Elizabeth Barrett Browning’s “A Musical Instrument” is a poem first published in Browning's volume Poems Before Congress. The collection was published in 1860, just one year before her death. Unlike the love sonnets of Browning’s earlier works, this volume features themes ranging from politics to criticism of the artistic process to feminism.
"A Musical Instrument" revolves around the half-god Pan, a character in Greek mythology as well as the Roman poet Ovid’s Metamorphoses. On the surface, the poet appears simply to retell a story in which Pan—god of the shepherds, hunting, and rustic music—makes his musical instrument, the panpipe. The poem initially evokes a peaceful pastoral image. However, in the process of creating this instrument that ultimately makes beautiful music, Pan also disturbs and destroys nature. The creation of art involves destruction, just as a poet has to dig deep into the soul and destroy some thoughts in favor of others while composing a work.
The poem thus focuses on the duality of art—and more broadly, mankind's tendency to both create and destroy. However, the poem never mentions the first part of the Pan myth, which includes the nymph Syrinx. Initially, Pan courts Syrinx, who then refuses his advances. To save herself, she runs to the river’s edge and asks the river nymphs for help. These nymphs then turn her into a reed. While the poem does not include the origin of the reed story, understanding the greater context of the myth allows the reader to analyze the poem on a whole different level. As Browning was well aware of the myth’s complete story and frequently wrote feminist works, her poem may also be considered a sharp criticism of men objectifying and exploiting women for their own pleasure. As the reed represents a beautiful nymph, Pan’s creation of his instrument—which is made using a reed—may be viewed as a violent act: taking advantage of a female while consoling himself over her rejection.
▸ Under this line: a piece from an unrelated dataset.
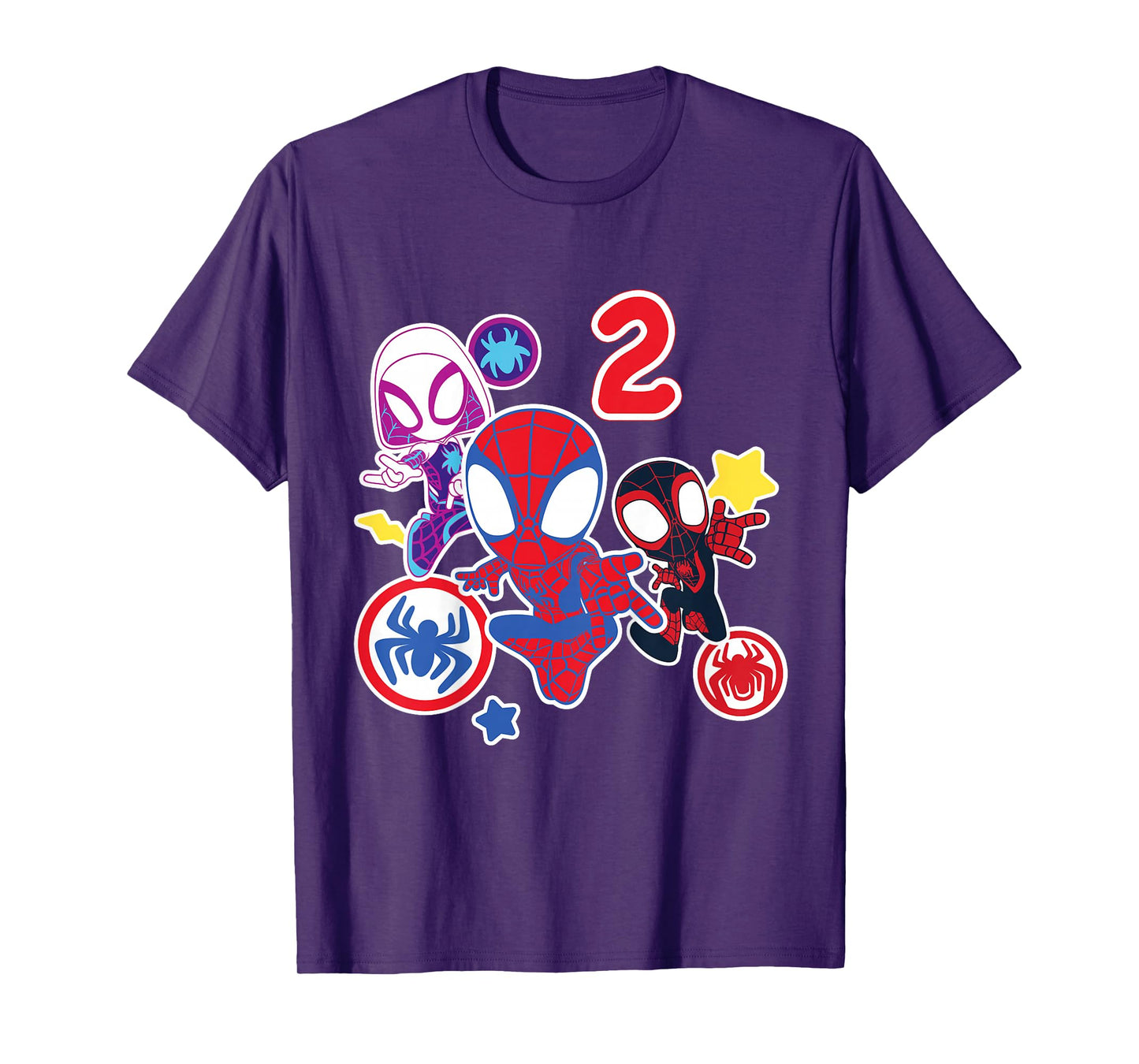 Marvel Spidey and His Amazing Friends 2 Year Old Birthday T-Shirt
After living in Italy for many years, Elizabeth Barrett Browning became increasingly interested in politics and feminism. She wrote Casa Guidi Windows to highlight the Italian struggle to end Austrian domination. Her poem “A Curse for a Nation”—also included in Poems Before Congress—was initially criticized as it was mistakenly interpreted as a denunciation of England. In fact, the poem was written as a criticism of slavery in America. While Browning is perhaps best known today as a great romantic poet of the Victorian era, her passion for human rights and equality shines through in her later works.